Notably, the American Federation of Labor (AFL) boycotted both conferences. The AFL, led by vehemently anticommunist individuals, did not want to associate with Soviet trade unions. It was also not willing to join forces with the CIO, which broke away from the AFL in 1935 and was accused of weakening the labor movement in the US.

The WFTU's mission was to bring together trade unions across the world in a single international organization. When created, the WFTU represented the first time since 1919 that the division at international level between communist and non-communist labor movements had formally been bridged. After a number of Western trade unions left it in 1949, as a result of disputes over support for the Marshall Plan, to form the International Confederation of Free Trade Unions (ICFTU), the WFTU was made up primarily of unions affiliated with or allegedly sympathetic to communist parties. In the context of the Cold War, the WFTU was often portrayed in the West as a Soviet front organization. A number of those unions, including those from Yugoslavia and China, left later when their governments had ideological differences with the Soviet Union.

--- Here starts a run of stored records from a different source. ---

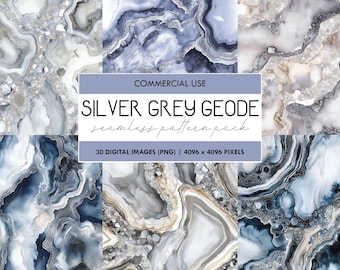 May include: A digital download pack of 30 seamless patterns featuring silver grey geode designs. Each pattern is 4096 x 4096 pixels and is perfect for commercial use.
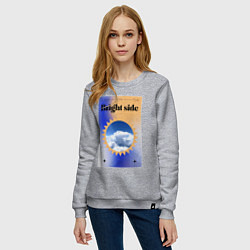 Свитшот хлопковый женский Светлая сторона, цвет: меланж — фото 2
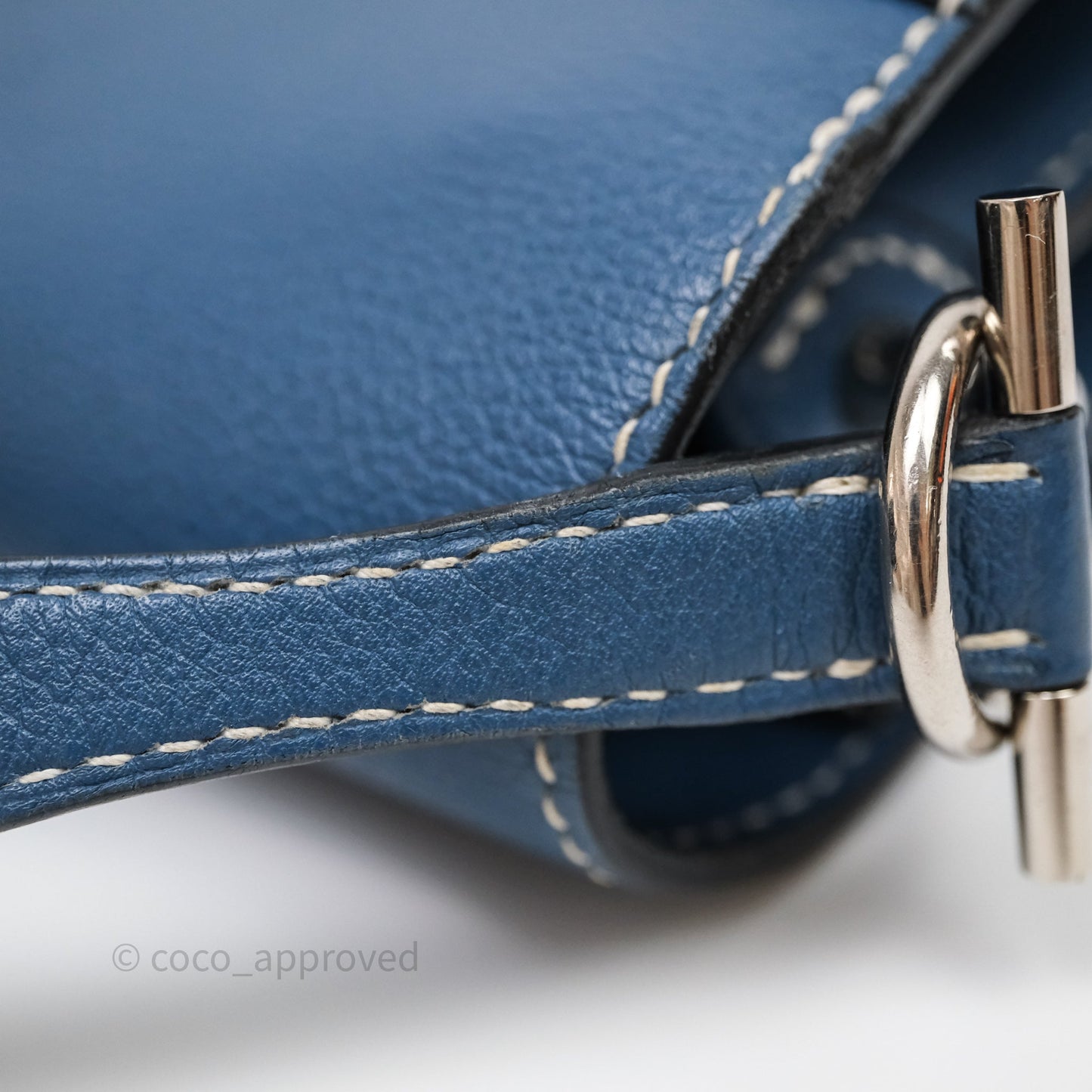 Hermès Roulis 23 Blue Evercolor Palladium Hardware
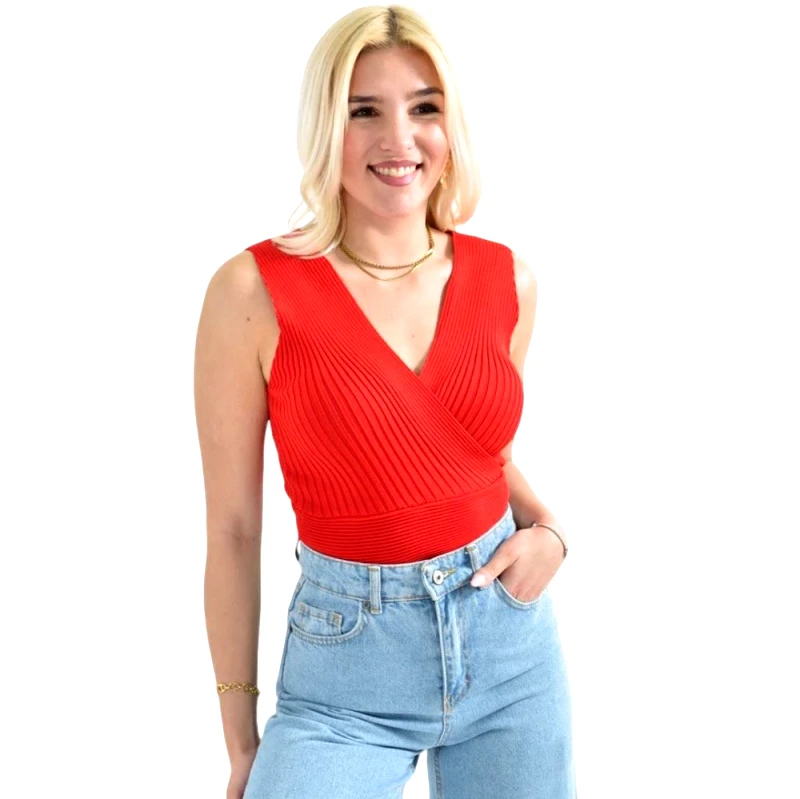 Potre OR Γυναικείο πλεκτό τοπ κρουαζέ Κόκκινο 26402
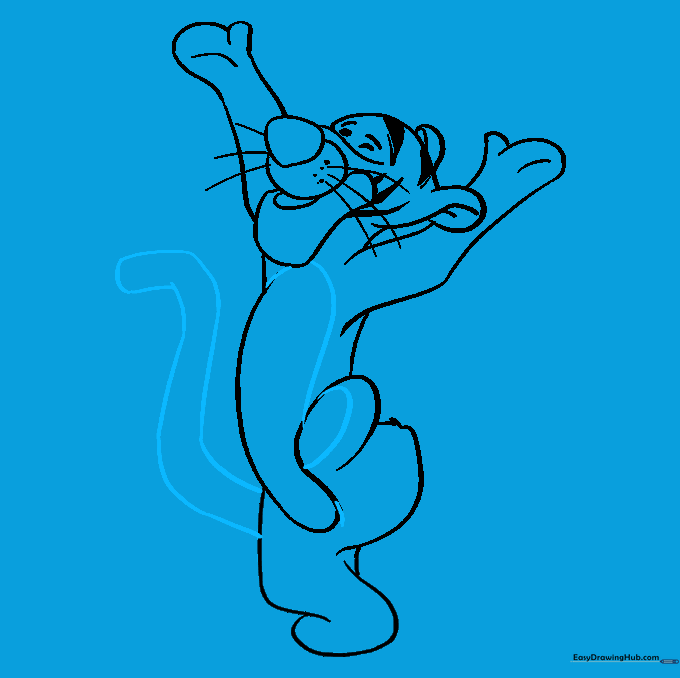 Sketch showing the addition of the underbelly markings and the long tail.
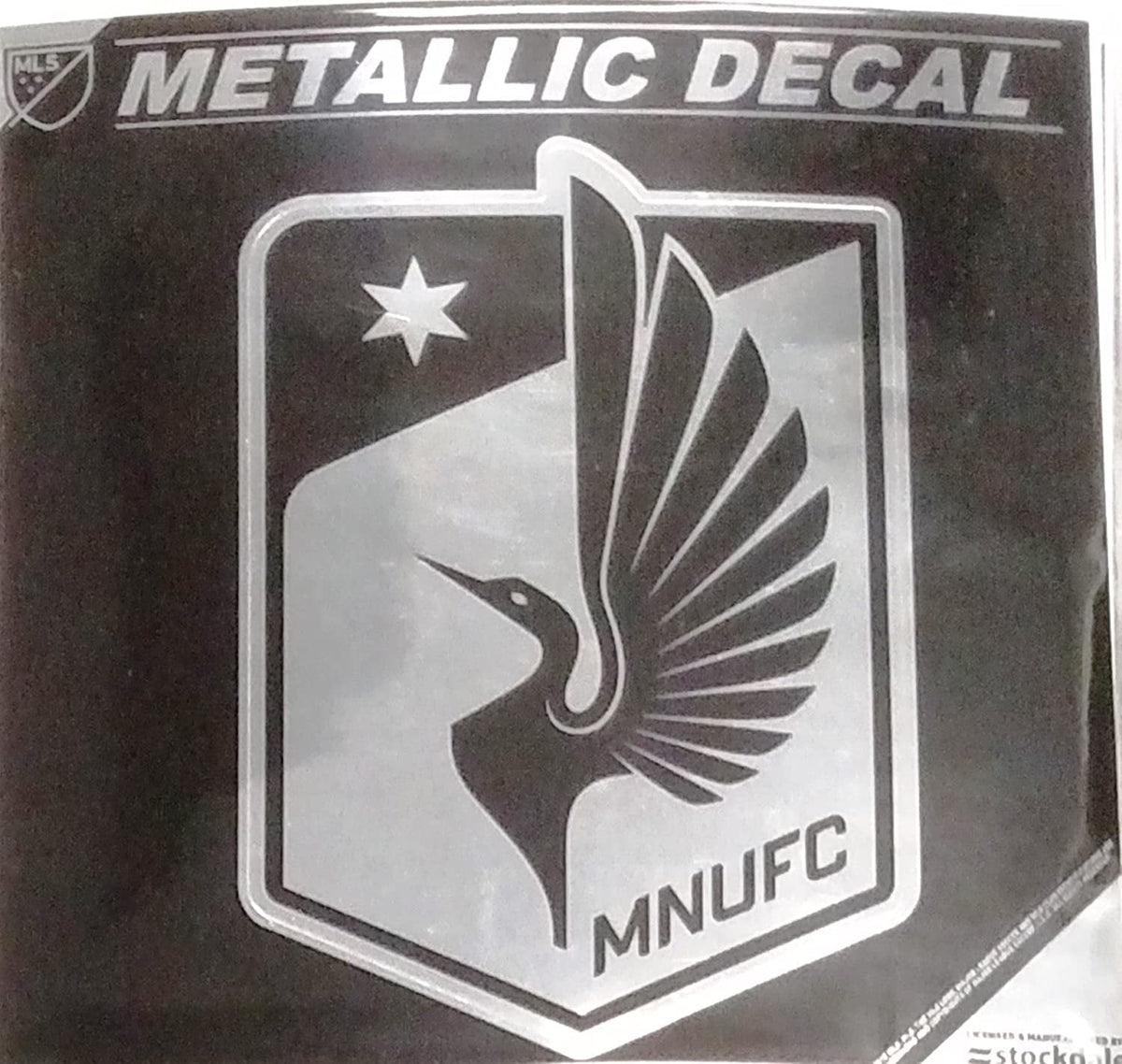 Minnesota United 6 Inch Decal Sticker, Metallic Chrome Shimmer Design, Vinyl Die Cut, Auto Home 1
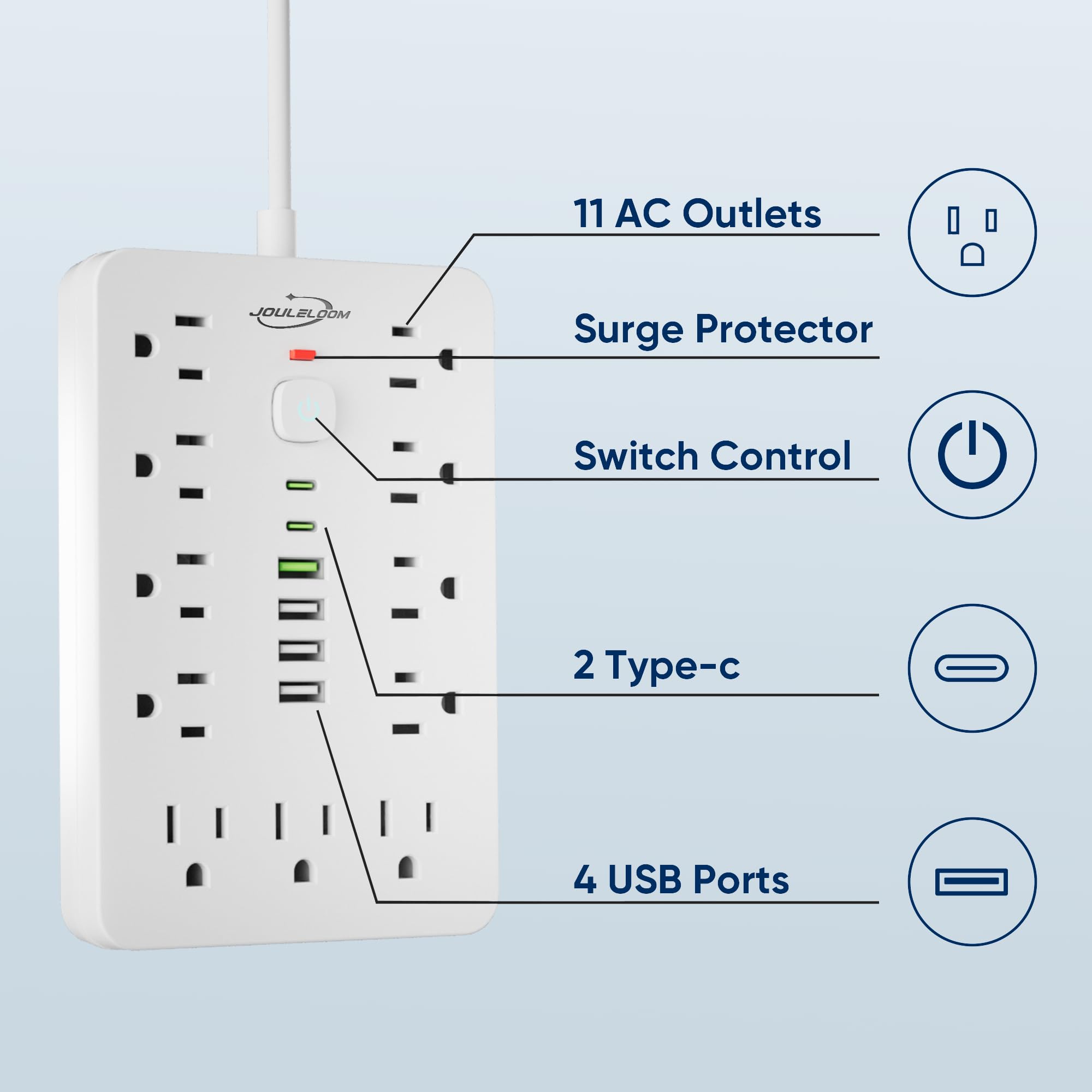 JouleLoom Überspannungsschutz-Steckdosenleiste mit flachem Stecker, 11 mehrere AC-Steckdosen mit 6 USB-Ports (2 USB C), 1,8 m Verlängerungskabel, 1250 W/10 A, One-Touch-Schalter-Taste, 17-in-1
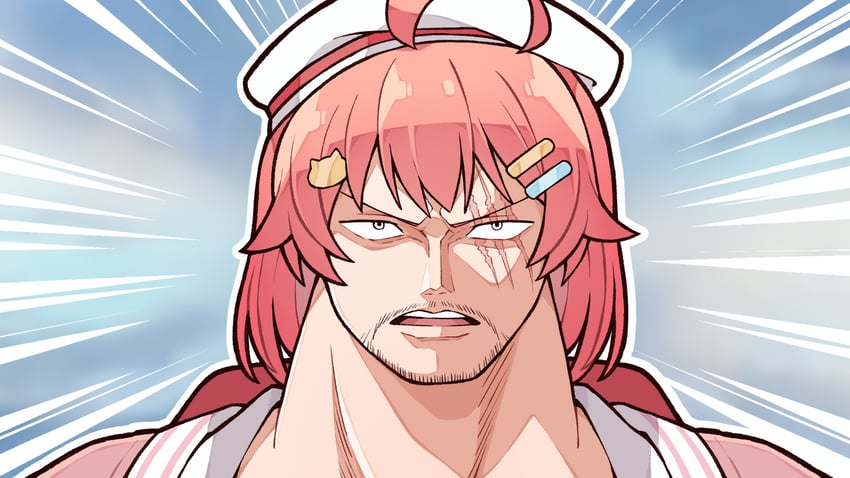 sakura miko and shanks (hololive and 1 more) drawn by kukie-nyan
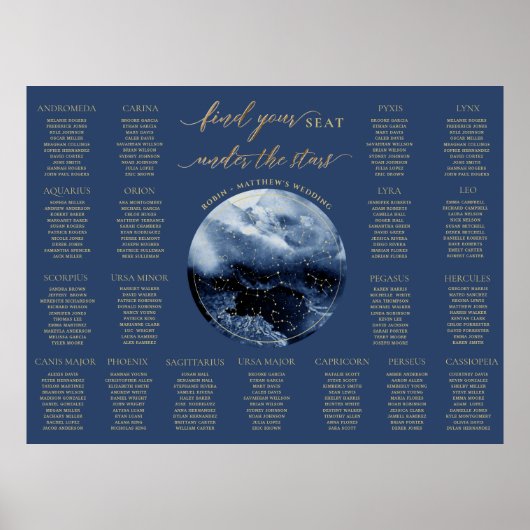Blue Celestial Wedding Table Seating Chart Sign Poster (Voorkant)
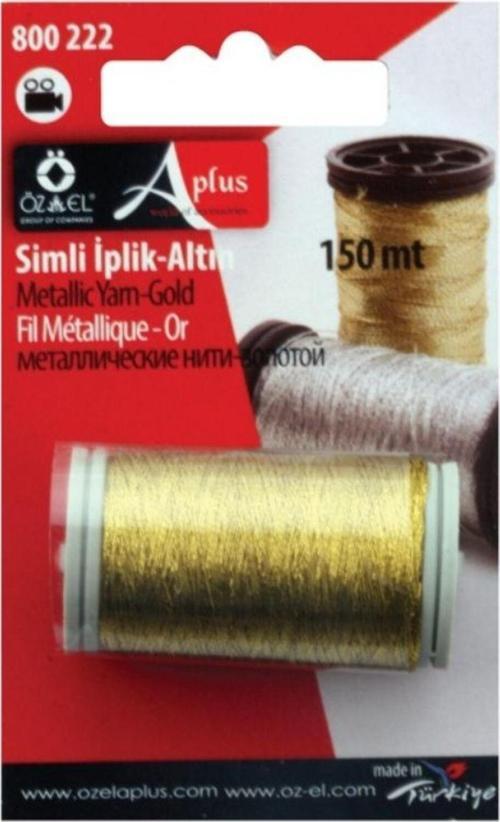 Simli Altın Rengi Dikiş İpliği Mini Makara 150 Mt
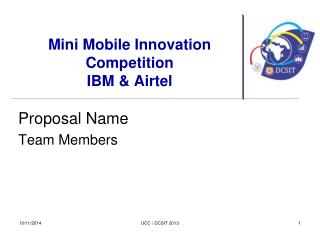 Mini Mobile Innovation Competition IBM &amp; Airtel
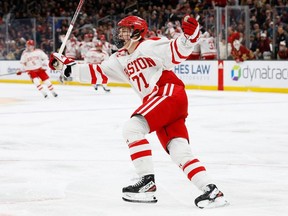 Macklin Celebrini #71 of the Boston University Terriers celebrates his goal against the Boston College Eagles during the first period of the semifinals of the Beanpot Tournament at TD Garden on February 5, 2024 in Boston, Massachusetts.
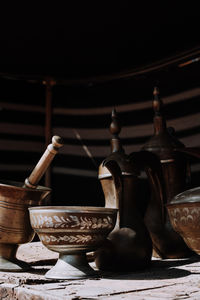 Traditional arabic metallic tableware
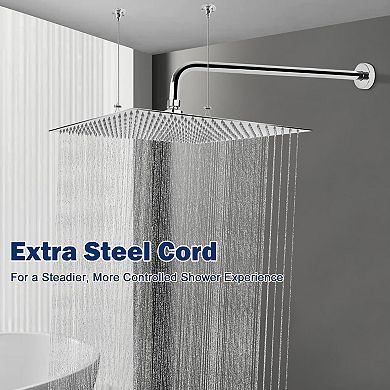 16 Inch Rain Shower Head Stainless Steel Square Rainfall Waterfall Ceiling Wall Mount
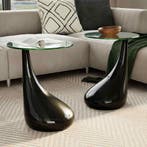vidaXL Salontafel met rond glazen tafelblad hoogglans zwart, Huis en Inrichting, Tafels | Salontafels, Minder dan 50 cm, 50 tot 75 cm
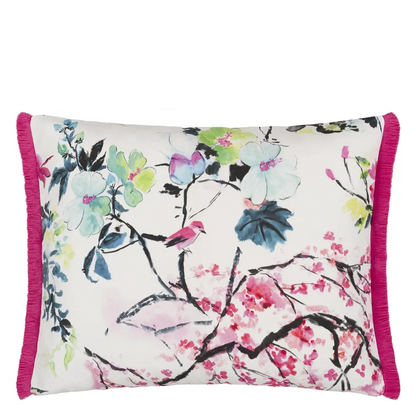 Chinoiserie Outdoor Cushion | Floral Print with Fringe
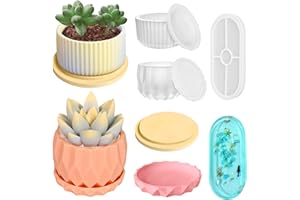 MONCAP 5 Stück Blumentopf Silikonform Blumentopf Beton Gießformen Blumentopf Silikon Gießformen Blumen Töpfe Harz Epoxid Gießform für DIY Blumentopf Vorratsgefäß Kerzenhalter Kerzen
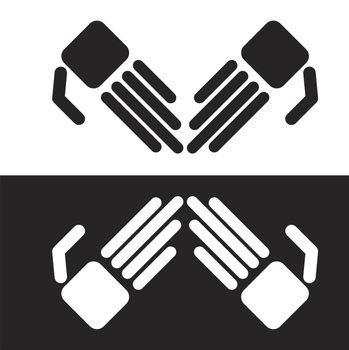 Vector simple robot hands, high robototechnics symbol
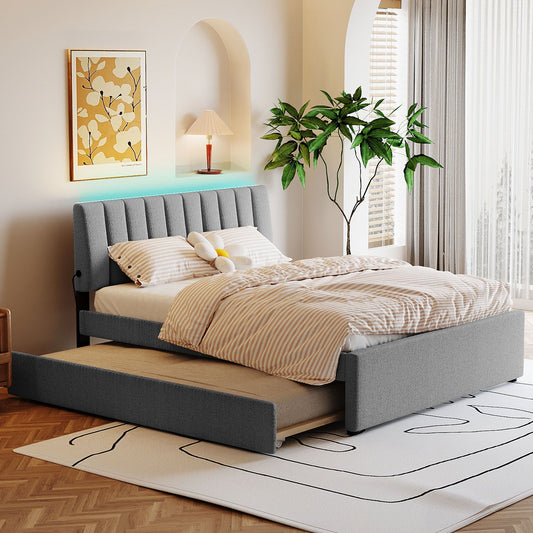 Stylish Upholstered Platform Bed and Trundle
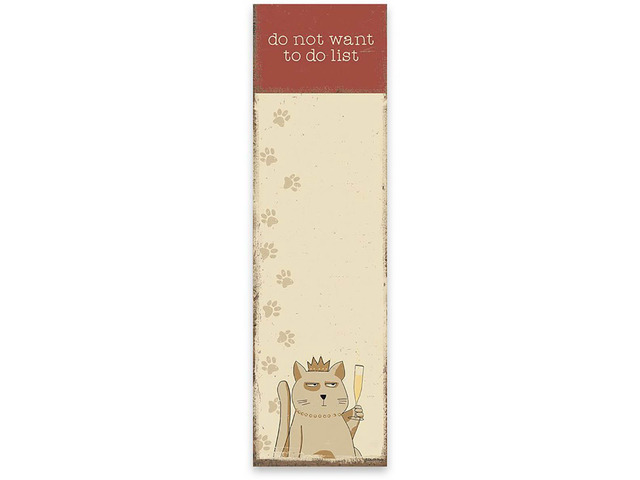 Primitives by Kathy - Do Not Want To Do List Cat with Champagne List Notepad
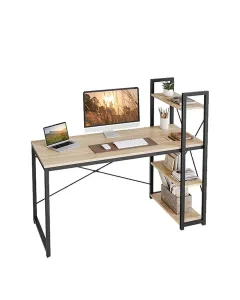 Modern Industrial Desk with 4-Tier Storage Shelves – Wood and Metal Workstation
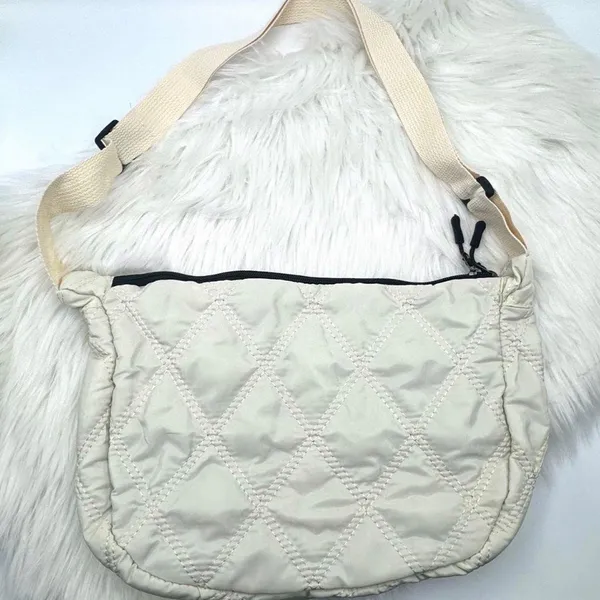 Quilted Nylon Crossbody Hobo Bag in Cream - Image 4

In 1952, the WFTU organised a speaking tour of the Caribbean for communist activists Billy Strachan and Ferdinand Smith.

===Decline===
The WFTU declined as a result of the collapse of the Soviet Union and socialist governments in Eastern Europe, in particular in Europe, with many of its former constituent unions joining the ICFTU. That fall seems to have come to an end since the congress in Havana in 2005 where a new leadership was elected with Georges Mavrikos, a Greek union activist from PAME, leading member of the Communist Party of Greece (KKE), at its head.

In January 2006 it moved headquarters from Prague, Czech Republic to Athens, Greece and reinvigorated its activity by putting focus on organizing regional federations of unions in the Third World, by organizing campaigns against imperialism, racism, poverty, environmental degradation and exploitation of workers under capitalism and in defense of full employment, social security, health protection, and trade union rights. The WFTU devotes much of its energy to organizing conferences, issuing statements and producing educational materials and courses for trade union leaders.

In recent years, the WFTU has successfully managed to recruit several trade unions of importance in Europe, amongst them the Rail Maritime Trade Union in Great Britain and the Unione Sindacale di Base in Italy. In France, the CGT National Federation of Agri-Food and Forestry has maintained its affiliation with the WFTU. The CGT National Federation of Chemical Industries sent delegates to the last congress in Athens in 2011. In 2013, two local CGT railway workers branches have taken steps to become affiliates with the WFTU.

The different offices of the WFTU across the different continents organize regular exchanges and militant visits of trade union activists from an affiliate to another in order to further discussions, foster internationalist ties, establish an international activity of its affiliates around shared objectives and campaigns, against common adversaries.

In Africa, unions of major importance such as COSATU in South Africa have affiliated with the WFTU.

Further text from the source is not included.